• DATA SECTION:
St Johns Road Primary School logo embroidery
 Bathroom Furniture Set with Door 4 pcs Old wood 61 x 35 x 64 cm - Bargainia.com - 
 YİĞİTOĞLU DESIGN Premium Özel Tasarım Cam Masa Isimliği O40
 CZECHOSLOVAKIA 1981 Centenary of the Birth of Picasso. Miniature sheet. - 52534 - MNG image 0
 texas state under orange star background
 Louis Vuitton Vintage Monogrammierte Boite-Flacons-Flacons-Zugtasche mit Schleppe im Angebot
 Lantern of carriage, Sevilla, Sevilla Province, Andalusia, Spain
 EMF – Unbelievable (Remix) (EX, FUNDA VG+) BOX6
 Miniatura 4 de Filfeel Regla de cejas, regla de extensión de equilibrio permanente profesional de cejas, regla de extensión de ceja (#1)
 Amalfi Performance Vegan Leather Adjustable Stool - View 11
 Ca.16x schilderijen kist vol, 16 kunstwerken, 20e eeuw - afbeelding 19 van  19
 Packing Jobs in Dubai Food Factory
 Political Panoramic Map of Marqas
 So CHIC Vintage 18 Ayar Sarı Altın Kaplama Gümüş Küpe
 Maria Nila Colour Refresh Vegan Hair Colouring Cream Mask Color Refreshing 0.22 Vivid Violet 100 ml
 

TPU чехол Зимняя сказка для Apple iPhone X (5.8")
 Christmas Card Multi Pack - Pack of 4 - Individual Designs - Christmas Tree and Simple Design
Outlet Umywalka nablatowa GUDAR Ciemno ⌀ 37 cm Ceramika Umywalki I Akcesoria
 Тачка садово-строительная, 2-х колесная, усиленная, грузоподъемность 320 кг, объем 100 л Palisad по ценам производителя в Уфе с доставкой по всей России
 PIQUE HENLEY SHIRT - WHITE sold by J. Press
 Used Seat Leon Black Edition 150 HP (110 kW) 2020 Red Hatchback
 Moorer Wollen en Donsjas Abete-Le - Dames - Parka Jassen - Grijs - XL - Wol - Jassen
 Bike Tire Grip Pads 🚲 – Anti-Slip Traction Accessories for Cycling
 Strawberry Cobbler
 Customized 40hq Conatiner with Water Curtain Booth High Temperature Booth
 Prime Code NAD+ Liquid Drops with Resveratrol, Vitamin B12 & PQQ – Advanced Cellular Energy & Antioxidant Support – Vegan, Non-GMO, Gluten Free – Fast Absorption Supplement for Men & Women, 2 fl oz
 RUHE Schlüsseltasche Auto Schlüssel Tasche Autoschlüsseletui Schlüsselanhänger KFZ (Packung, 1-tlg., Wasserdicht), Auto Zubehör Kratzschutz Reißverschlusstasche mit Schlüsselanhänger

• TO DO: Using the listing above, copy exactly the line that contains "Packing Jobs in Dubai Food Factory", the line that contains "Maria Nila Colour", and each line that falls between them.

• EXPECTED OUTPUT:
 Packing Jobs in Dubai Food Factory
 Political Panoramic Map of Marqas
 So CHIC Vintage 18 Ayar Sarı Altın Kaplama Gümüş Küpe
 Maria Nila Colour Refresh Vegan Hair Colouring Cream Mask Color Refreshing 0.22 Vivid Violet 100 ml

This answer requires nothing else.